Joh 20:20 こう言ってイエスは、その手とわき腹を彼らに示された。弟子たちは、主を見て喜んだ。

    
(1)状況説明

      ①日曜日の夕刻(あるいは夜)のことである。

      ②弟子たちは夕食のために集まっていた。恐らく過越の食事をした二階部屋。

      ③彼らは、クレオパともうひとりの弟子の証言を聞いたばかりである。

      ④彼らはまだエルサレムにいる。ガリラヤに向かっていない。

      ⑤ユダヤ人たちを恐れて、部屋に鍵をかけて閉じこもっている。

        *彼らは、イエスとともに逮捕されそうになった。

        *彼らは、ユダヤ人の指導者たちを恐れている。

        *彼らは、死を恐れている。

        *7週間後のペンテコステの日の彼らの姿とは全く異なる。

      ⑥イエスは、恵みのゆえに彼らの前に現われる。

    (2)イエスの現れ

      ①締め切った部屋に入って来られた。

*復活の体は異次元の体である。

*しかし、十字架上で死ぬ前の体との継続性がある。

      ②彼らの中に立たれた。

      ③「平安があなたがたにあるように」と言われた。

        *「シャローム・アレヘム」であろう。

        *ユダヤ人の通常のあいさつであるが、ここではより重い意味を持っている。

      ④その手とわき腹を示された。

      ⑤弟子たちは喜んだ。しかし、最初は恐れた。

Ⅱ.弟子たちの信仰

  1.ルカ24:37~43

Luk 24:37 彼らは驚き恐れて、霊を見ているのだと思った。

Luk 24:38 すると、イエスは言われた。「なぜ取り乱しているのですか。どうして心に疑いを起こすのですか。

Luk 24:39
わたしの手やわたしの足を見なさい。まさしくわたしです。わたしにさわって、よく見なさい。霊ならこんな肉や骨はありません。わたしは持っています。」

Luk 24:41 それでも、彼らは、うれしさのあまりまだ信じられず、不思議がっているので、イエスは、「ここに何か食べ物がありますか」と言われた。

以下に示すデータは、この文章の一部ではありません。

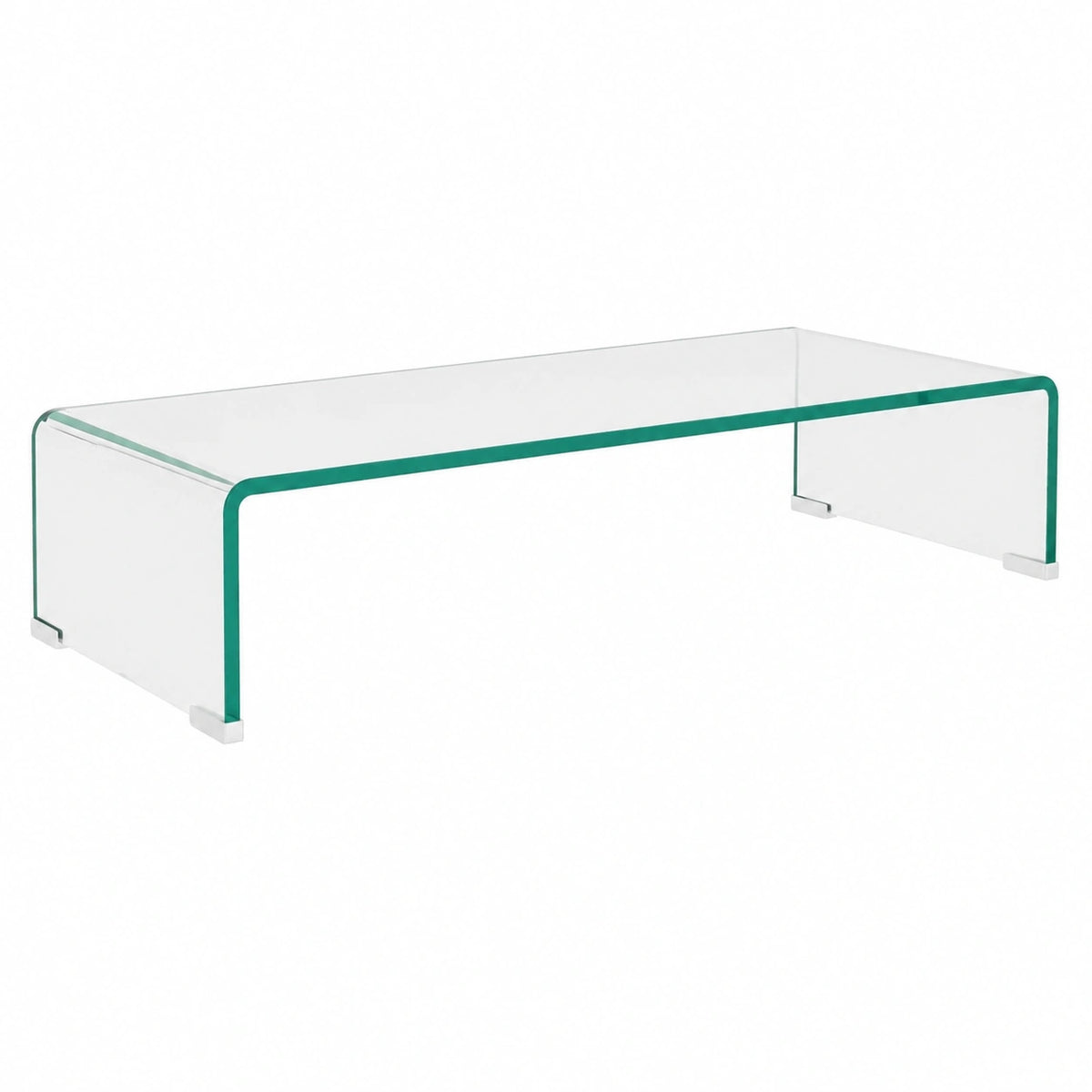VidaXL Tv-meubel, monitorverhoger transparant 80 × 30 × 13 cm glas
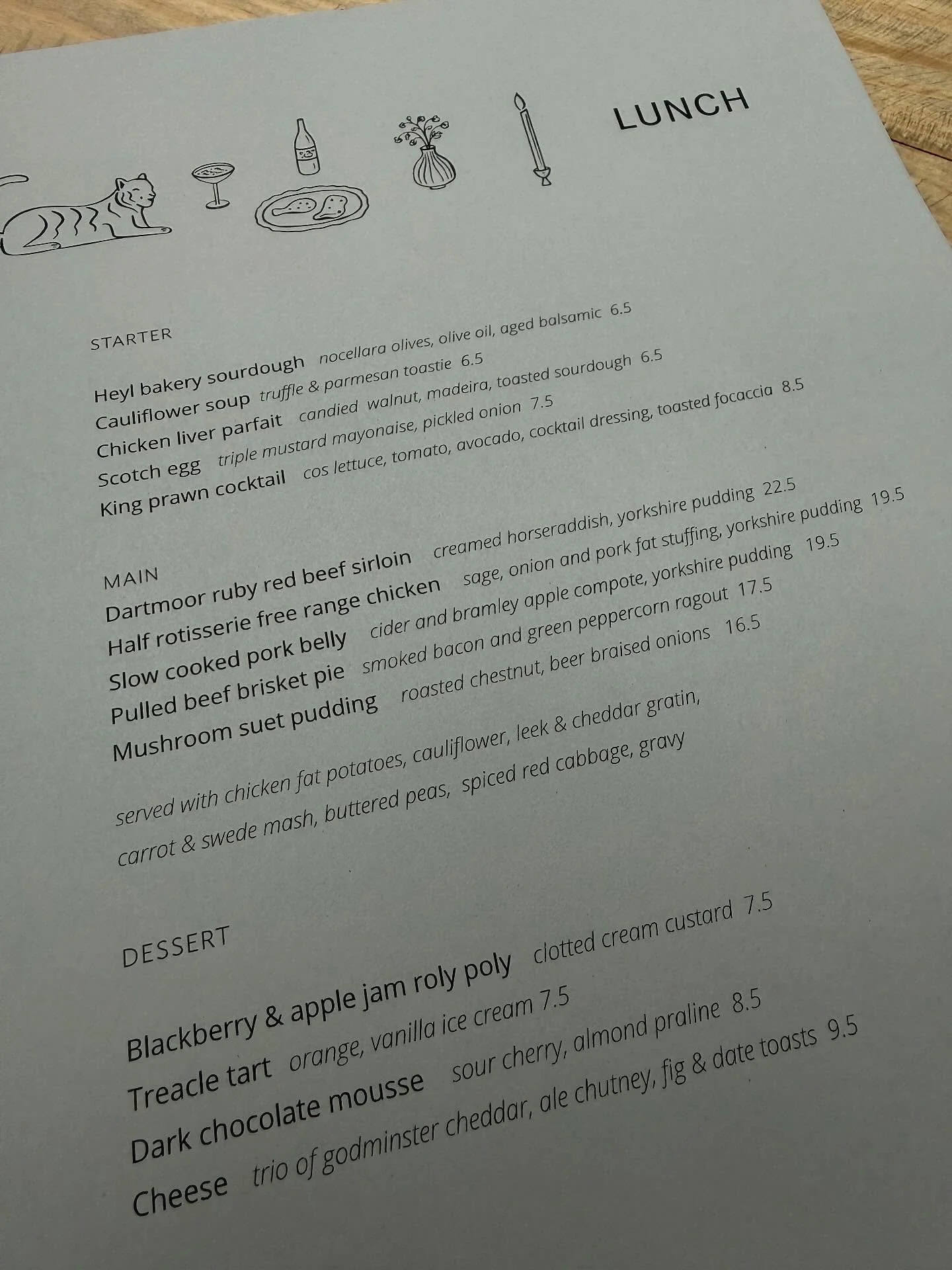 We have updated on Sunday lunch menu, again!
Don&rsquo;t forget to book a table for this Sunday 🍷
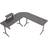 Game table Corner with carbon fiber structure - Black, 1500x600x730mm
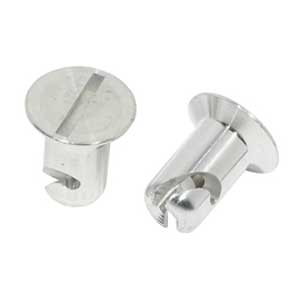 QUICK FASTENER, FLUSH, 7/16 IN X .550, STEEL, SILVER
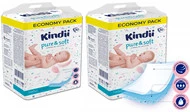 KINDII Podkłady Dla Niemowląt PURE&SOFT 40x60 30szt. x2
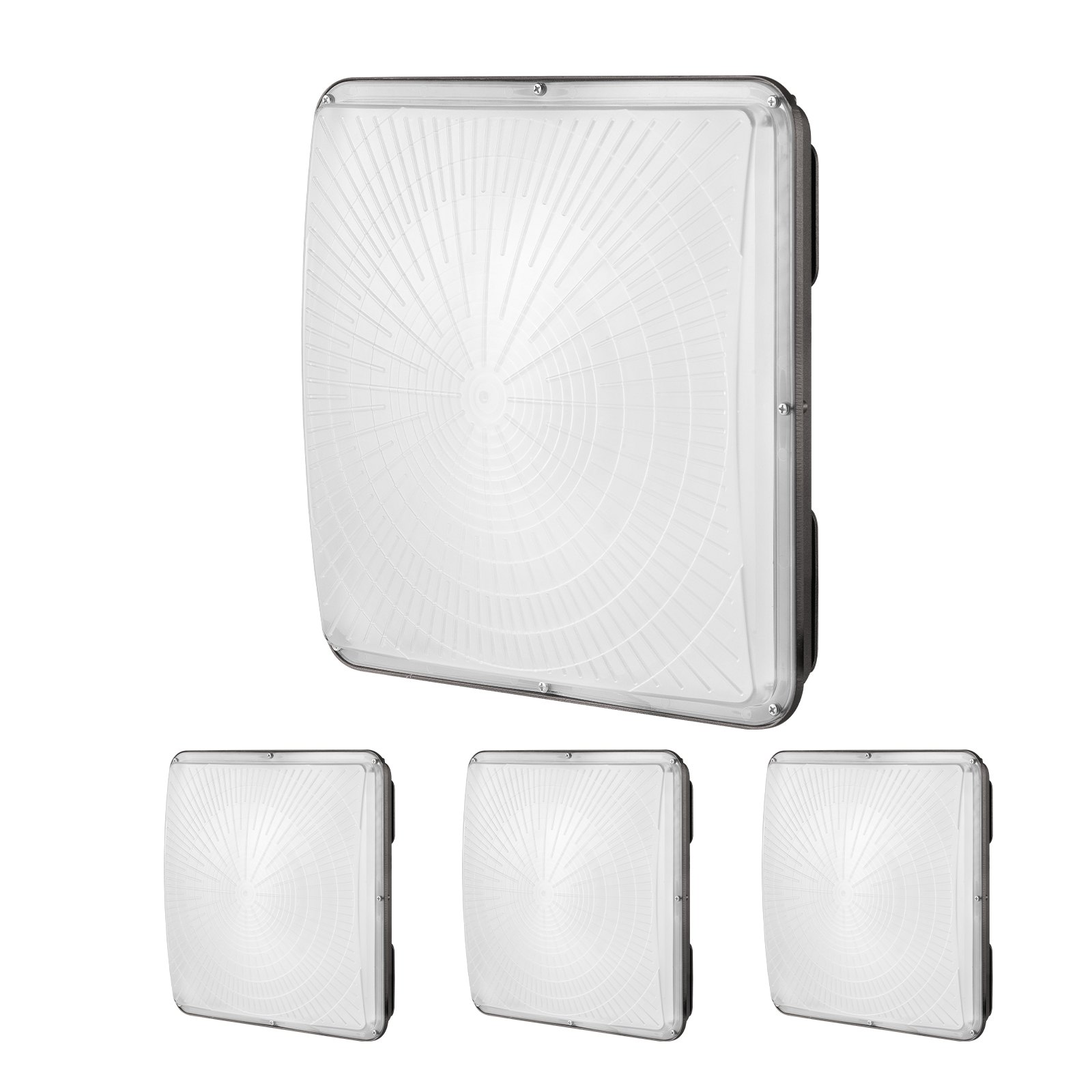 4 LED-varikatusevalgustit 150 W 16500LM 5000K päevavalgus äri- tööstus- ja välistingimustes kasutatavad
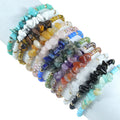 Natural Stone Crystal Beaded Bracelets Women Custom Gemstone Gravel Beads Rope Woven Adjustable Bracelet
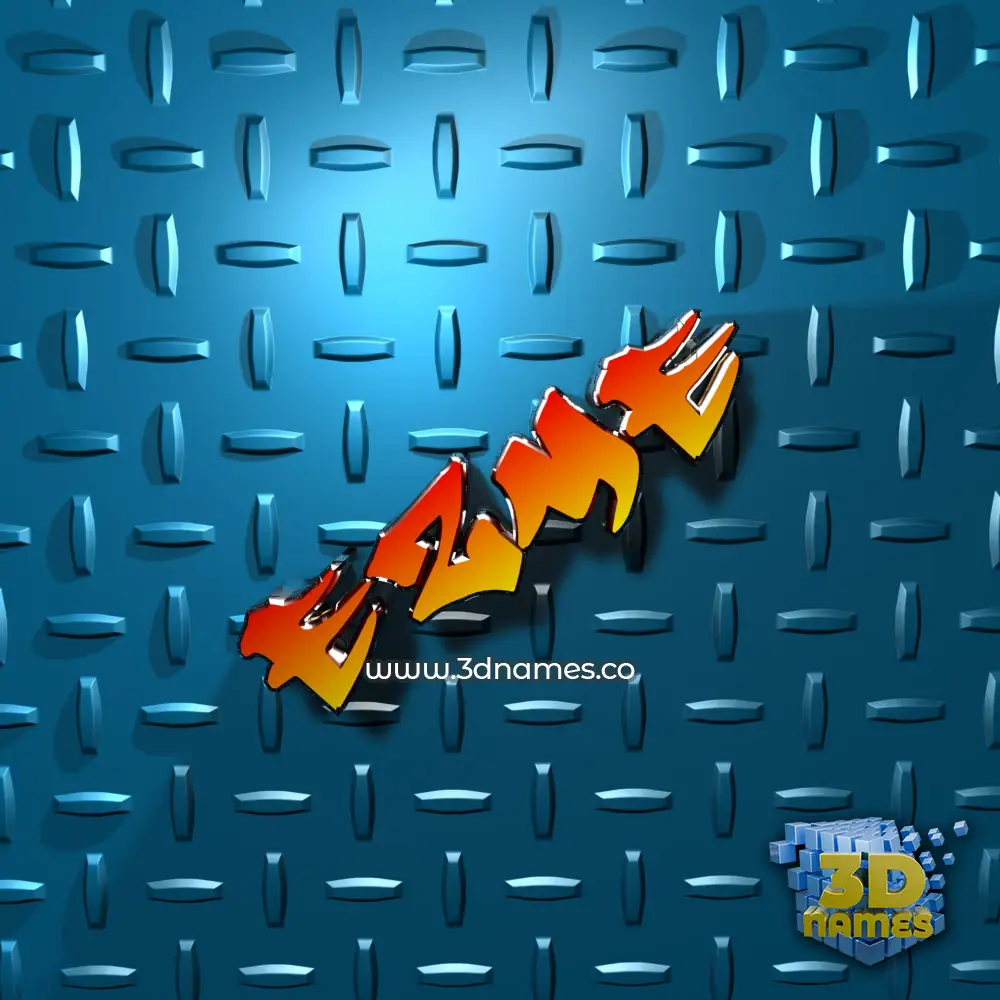ezme in Grid Style style - 3D name wallpaper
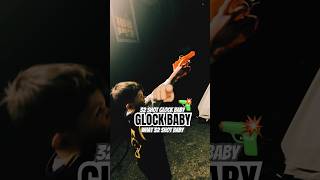 32 Shot Glock Glock shot BABY funny capgun [upl. by Inavoj830]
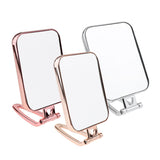 Maxbell Maxbell Durable Makeup Mirror Dormitory Bathroom Square Free-Standing Mirrors Silver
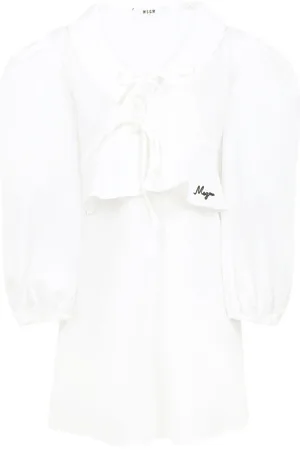 Msgm Abito con design a strati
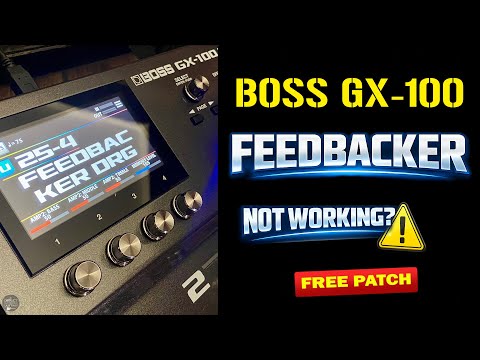 BOSS GX-100 FEEDBACKER | Sustain & Octave Sounds – Free Patch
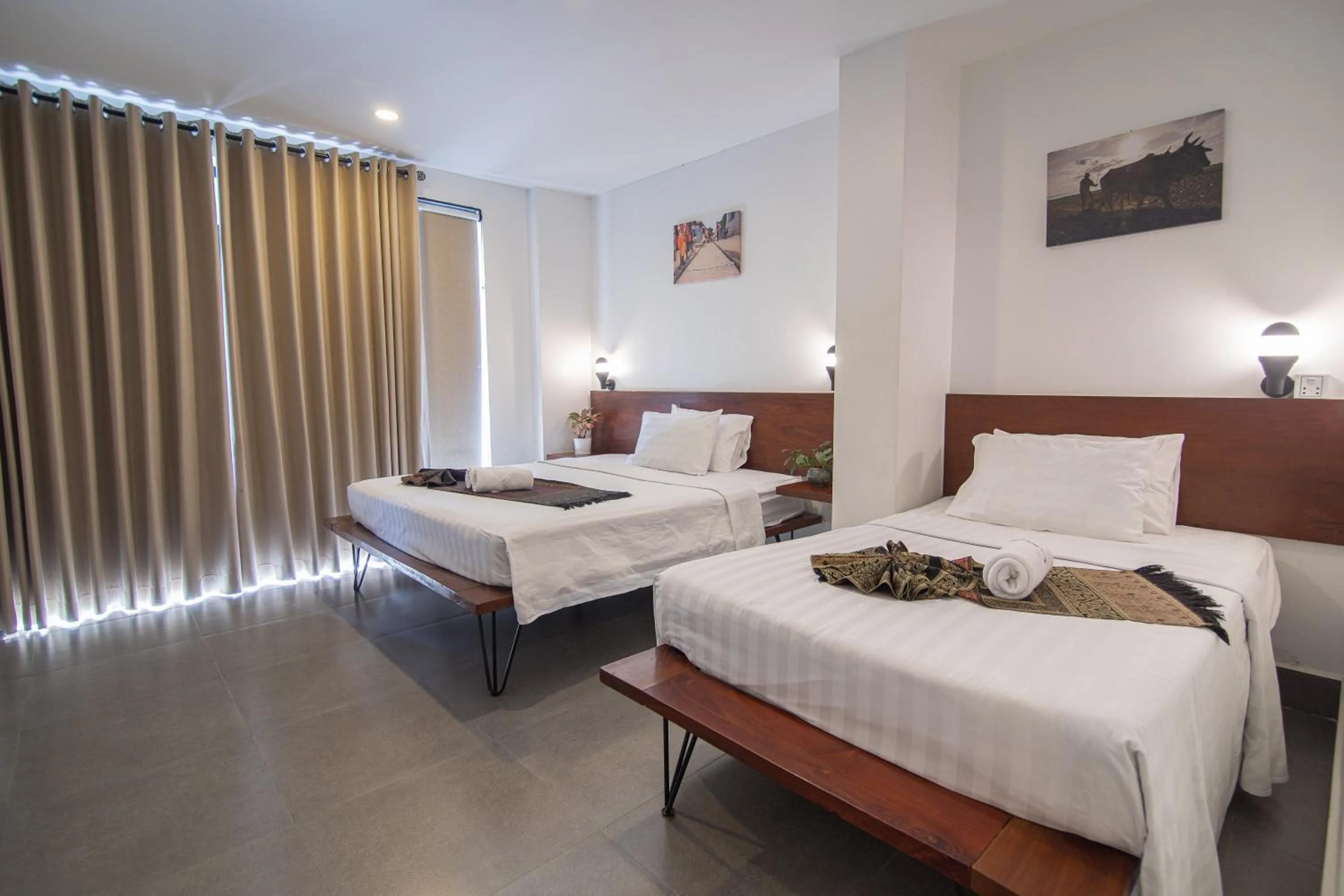 Bedroom, Bed in Pooltop Phnom Penh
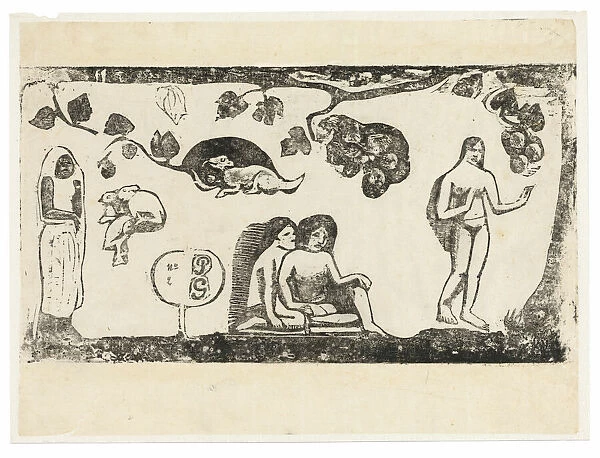 Women, Animals, and Foliage, from the Suite of Late Wood-Block Prints, 1898 / 99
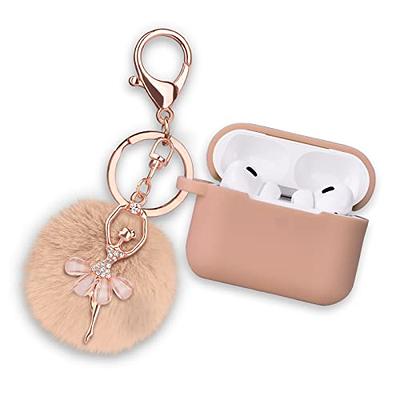 CAGOS for Airpod Pro Case, Cute Airpods Pro 2nd/1st Generation Case Cover  Hard TPU Protective iPod Pro Case with Keychain Accessories for Women Men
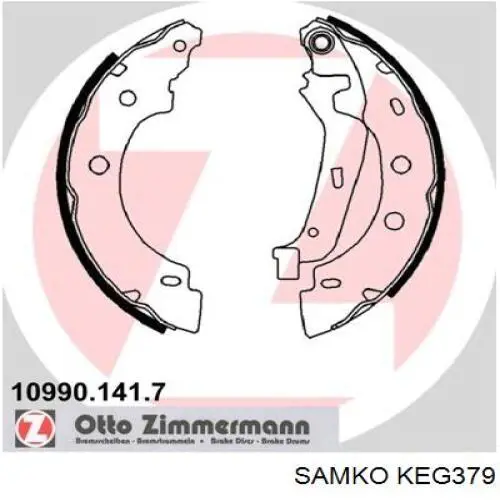 KEG379 Samko Тормоза в сборе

Luk 24:42 それで、焼いた魚を一切れ差し上げると、

Luk 24:43 イエスは、彼らの前で、それを取って召し上がった。

    (1)イエスは弟子たちの不信仰をしかった。

      ①ガリラヤに行くように3度言われていたが、エルサレムに留まっていた。

      ②イエスを見たという人たちの証言を信じることができなかった。

        *婦人たち

*クレオパともうひとりの弟子

*ペテロ

      ③実際にイエスを見ても、恐れて、それを霊だと思った。

    (2)イエスは、自分の手と足を見せ、霊ではなく肉体を持っていることを示した。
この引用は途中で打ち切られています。